George Washington Parke Custis – Colonel, United States Army

ÄS George Washington Parke Custis of Maryland
Appointed from Virginia, Cor Light Dragoons, 8 January 1799
Second Lieutenant, 3 March 1799
Honorably discharged 15 June 1800
Died 10 October 1857


Library of Congress Photo

Born at Mount Airy, Maryland, on April 30, 1781, his parents were John Parke and Eleanor (Calvert) Custis. He attended St. John's College and Princeton University. He married Mary Lee Fitzhugh in 1804 and they had one daughter, Mary (later Mrs. Robert E. Lee).

He was commissioned Colonel, United States Army, and aide-de-camp to General Charles Cotesworth Pinckney in 1799 and was a volunteer in the defense of Washington, D.C. during the War of 1812.

He began as series of “Recollections of Washington” in the U.S. Gazette in 1826, and continued in the National Intelligencer, and published in book form in 1860. His first play, The Indian Prophecy, was performed in the Chestnut Street Theater, Philadelphia, in 1830. He also wrote: The Railroad, 1830; North Point of Baltimore Defended, 1833; Eighth of January, 1834.

He was the adopted son of George Washington after the death of his parents. He built Arlington House as a tribute to, and to hold the belongings of, General George Washington.

He died on October 19, 1857 and was buried in a private lot on the estate (long before it became a National Cemetery), which is now Section 13 of Arlington National Cemetery.

His wife, Mary Fitzhugh Custis, who died on April 23, 1853, is buried with him.

From The National Intelligencer:
(Courtesy of the Library of Congress)

lt becomes our painful duty to announce the decease of the venerable George Washington Parke Custis, the last of the members of the family of Washington.
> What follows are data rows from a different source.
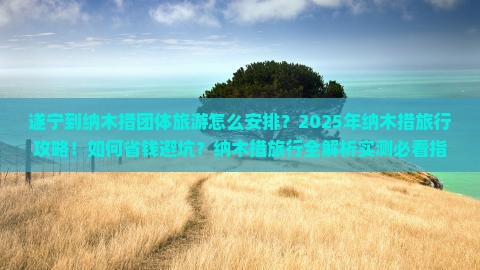 遂宁到西藏纳木措团体旅游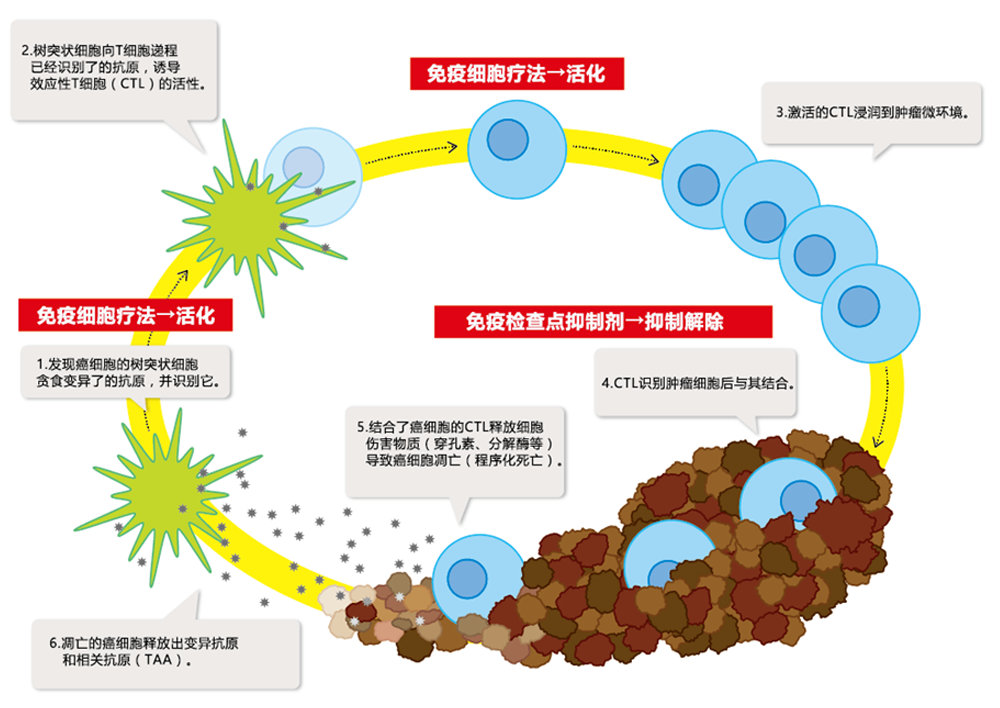 免疫チェックポイント阻害剤と免疫細胞治療との併用治療技術の研究開発・治験実施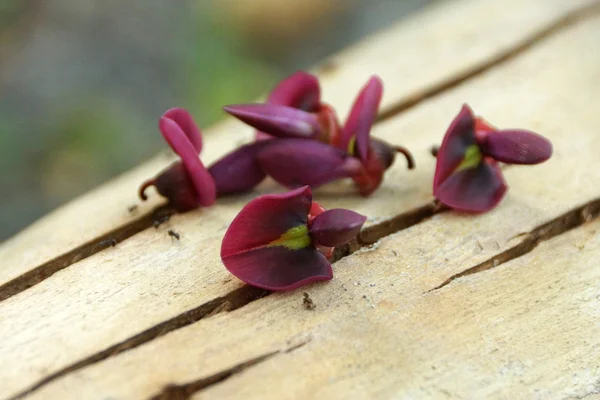 Piros virágok callerya atropurpurea benth. — Stock Fotó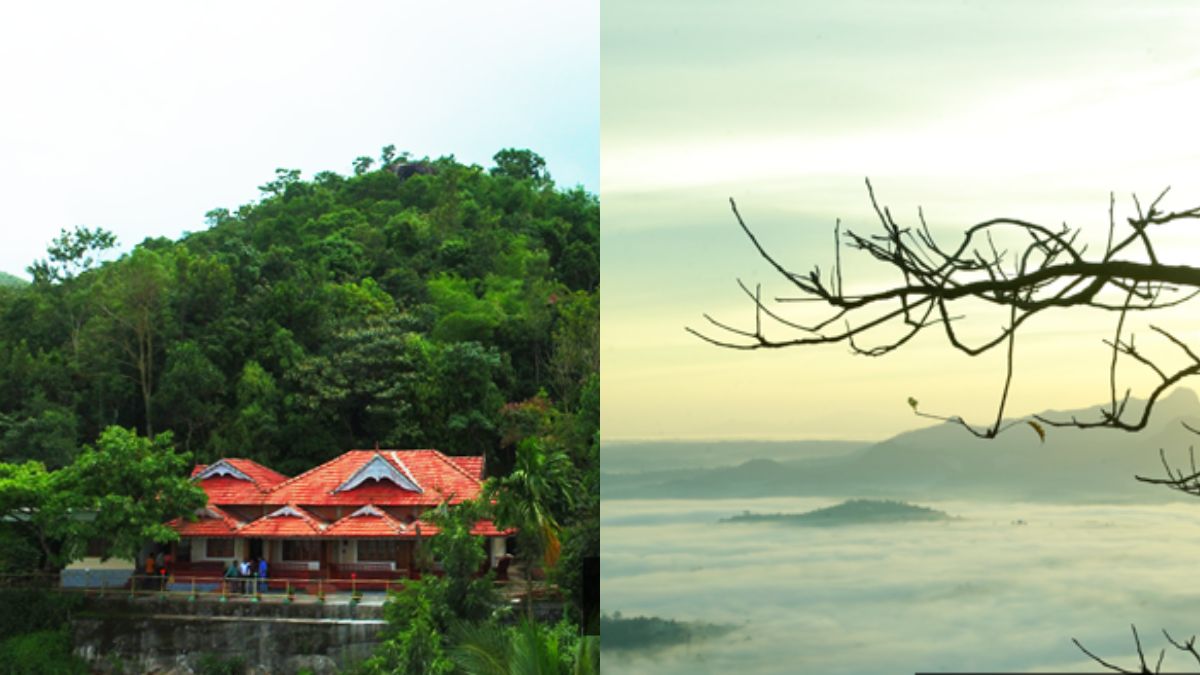 This Hill And Jungle Resort In Wayanad Hills Has Tree House, Glass House And More Stay Options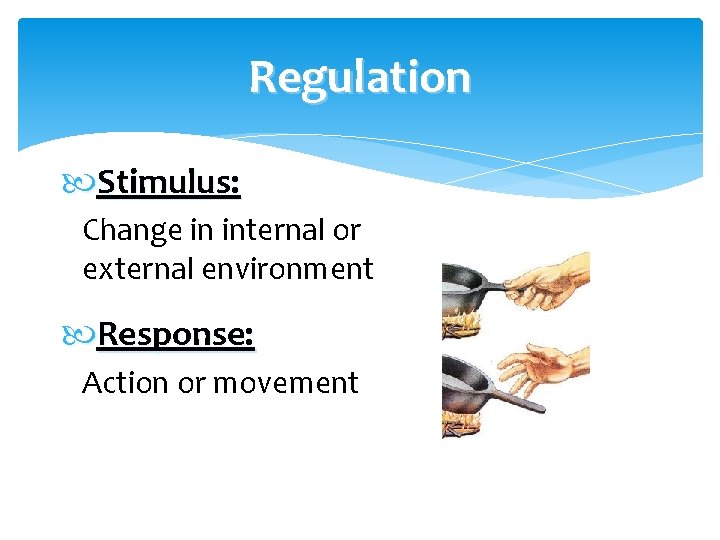 Regulation Stimulus: Change in internal or external environment Response: Action or movement 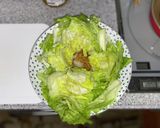 無限ニンニクレタス作り方8写真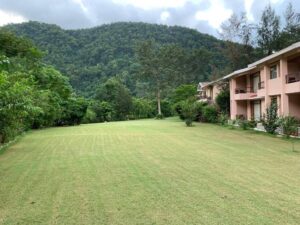 corbett-river-creek (12)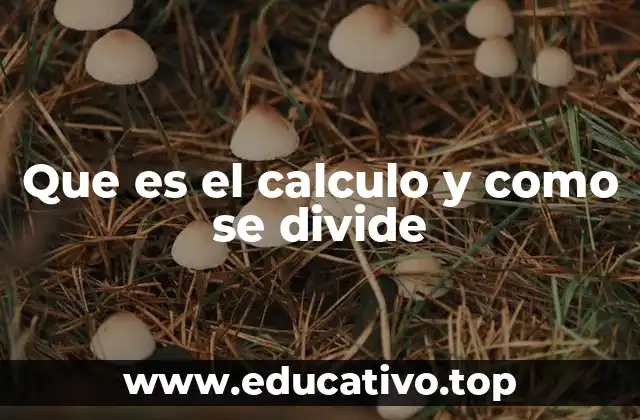 Que es el calculo y como se divide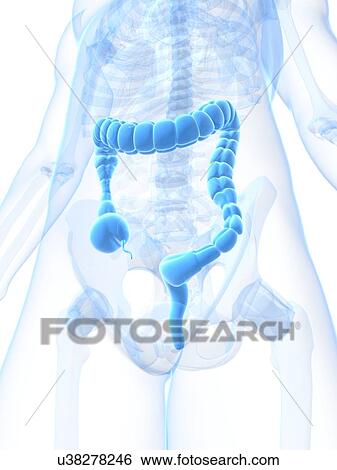 Stock Illustration - Colonic spasm, artwork. Fotosearch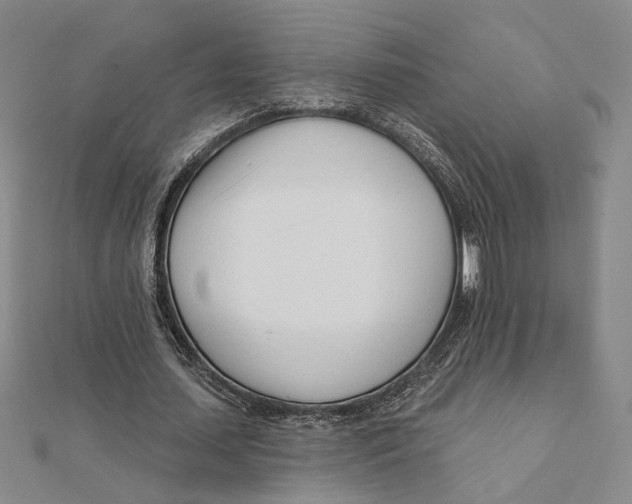 X0000111670627200908141429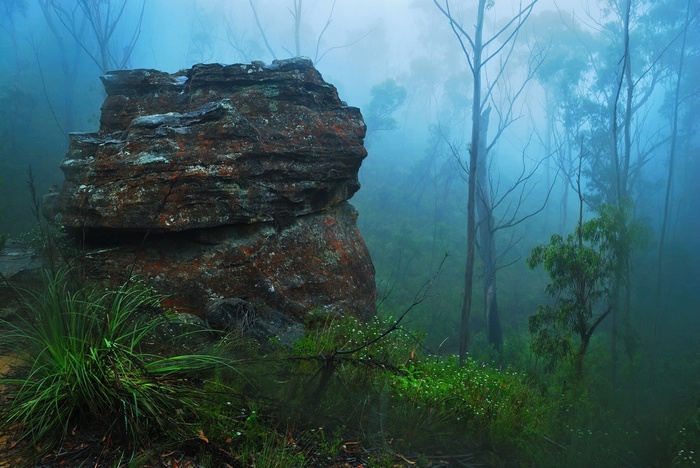 Misty forest with a large rock and grass
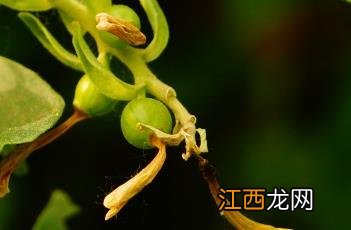 香茶藨子果实能吃吗 香茶藨子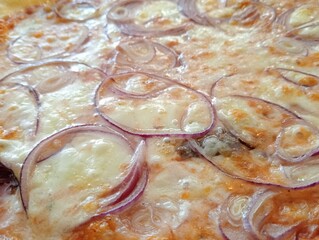 close up of a pizza with onion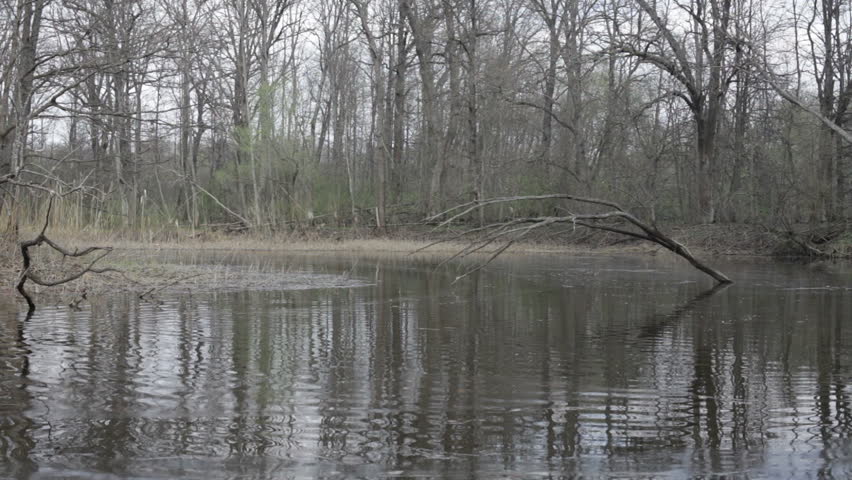 Kayak, river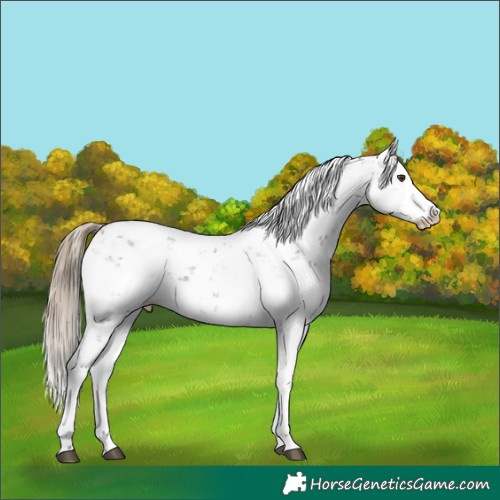 Horse Color:Liver Chestnut Sabino Splash Appaloosa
Mr. Custis died at Arlington, near this city, after a brief illness, on the morning of the 10th October, in the 77th year of his age. For several years he had stood alone in his relations to the Father of his Country, ever anxious, with filial reverence and affection, to illustrate his character, and from the rich stores of his never-failing memory to bring forward an annual tribute to his immortal worth. Known and honored by his fellow-countrymen, his departure will awaken universally a profound regret.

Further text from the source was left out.